Dans la bande dessinée Le Genre du capital, les sociologues Céline Bessière et Sybille Gollac lèvent le voile sur la fabrique des inégalités de patrimoine entre les hommes et les femmes. Une enquête graphique passionnante.
Pourquoi les femmes sont-elles moins riches que les hommes ? Les sociologues Céline Bessière et Sybille Gollac ont tenté d’élucider le mystère. Dans leur essai Le Genre du capital paru en 2020, aujourd’hui adapté en Bande dessinée, elles racontent les vingt années qu’elles ont passées à enquêter sur les transmissions de patrimoine au sein de la famille et analysent ces situations à travers le prisme du genre. Un critère (essentiel) que leurs collègues masculins n’avaient jusqu’alors jamais inclus dans leur analyse. Avec cette adaptation en BD, mise en image par la dessinatrice Jeanne Puchol, le duo de sociologues veut rendre plus accessible le propos pour que les femmes se saisissent de ces questions !
Histoires de familles
Dans la BD, les deux chercheuses deviennent des personnages qui guident leur lecteur et lectrice dans les méandres de leur sujet d’étude. Dès le départ, elles posent les bases de façon claire et concise. Puis elles sont mises en scène dans des situations concrètes (face à un notaire, un avocat…). On refait l’enquête avec elles. C’est passionnant et édifiant !

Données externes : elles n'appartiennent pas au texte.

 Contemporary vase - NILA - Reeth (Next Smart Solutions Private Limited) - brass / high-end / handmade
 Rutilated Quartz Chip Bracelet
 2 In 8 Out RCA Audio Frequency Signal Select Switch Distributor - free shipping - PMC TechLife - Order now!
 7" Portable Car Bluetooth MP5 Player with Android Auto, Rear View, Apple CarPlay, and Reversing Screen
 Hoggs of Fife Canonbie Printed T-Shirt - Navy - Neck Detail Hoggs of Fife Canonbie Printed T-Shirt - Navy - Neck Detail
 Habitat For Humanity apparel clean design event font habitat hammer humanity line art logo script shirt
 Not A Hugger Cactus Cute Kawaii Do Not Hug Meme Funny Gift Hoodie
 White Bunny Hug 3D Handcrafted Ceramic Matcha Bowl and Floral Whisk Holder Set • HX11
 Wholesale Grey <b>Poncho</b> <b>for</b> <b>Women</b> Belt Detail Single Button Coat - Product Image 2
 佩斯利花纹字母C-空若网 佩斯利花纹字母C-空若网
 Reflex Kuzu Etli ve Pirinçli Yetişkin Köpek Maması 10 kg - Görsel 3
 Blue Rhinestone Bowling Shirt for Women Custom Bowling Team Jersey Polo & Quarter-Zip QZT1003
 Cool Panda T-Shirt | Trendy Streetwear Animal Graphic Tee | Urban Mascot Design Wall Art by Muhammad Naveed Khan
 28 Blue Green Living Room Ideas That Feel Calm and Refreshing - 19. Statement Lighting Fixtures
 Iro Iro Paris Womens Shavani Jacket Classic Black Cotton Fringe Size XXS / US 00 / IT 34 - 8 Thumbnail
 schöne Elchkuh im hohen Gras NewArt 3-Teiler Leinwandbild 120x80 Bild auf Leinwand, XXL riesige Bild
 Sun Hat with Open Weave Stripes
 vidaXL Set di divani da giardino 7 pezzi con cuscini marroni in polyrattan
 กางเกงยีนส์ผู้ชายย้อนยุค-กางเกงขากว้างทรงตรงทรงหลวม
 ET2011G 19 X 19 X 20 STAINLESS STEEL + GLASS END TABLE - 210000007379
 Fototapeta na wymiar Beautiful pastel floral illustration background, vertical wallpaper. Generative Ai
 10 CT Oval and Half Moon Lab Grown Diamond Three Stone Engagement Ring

Au fil des pages, peu importe le milieu, les femmes se retrouvent systématiquement désavantagées. Pourquoi ? Céline Bessière et Sybille Gollac décryptent les mécanismes du système capitaliste et patriarcal qui tient les femmes à distance des questions économiques et les cantonnent à la sphère émotionnelle. Qui n’a pas déjà assisté ou vécu la situation : lors du décès d’un parent, c’est le frère qui s’occupe des démarches quand sa sœur gère la partie relations familiales du décès ? Ça n’a l’air de rien mais c’est un premier domino qui in fine lèse les femmes. Au point que lors de succession, la nature des biens transmis implique souvent une différence sur le long terme. Nombre de familles privilégient le leg de biens immobiliers, à la valeur intrinsèquement plus élevée, aux hommes.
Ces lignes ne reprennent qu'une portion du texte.